Problem » Once you have read the listing below, write all of it out again exactly.

Dataset extract »
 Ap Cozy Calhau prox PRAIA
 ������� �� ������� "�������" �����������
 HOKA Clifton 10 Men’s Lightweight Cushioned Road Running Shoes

Answer for this exercise »
 Ap Cozy Calhau prox PRAIA
 ������� �� ������� "�������" �����������
 HOKA Clifton 10 Men’s Lightweight Cushioned Road Running Shoes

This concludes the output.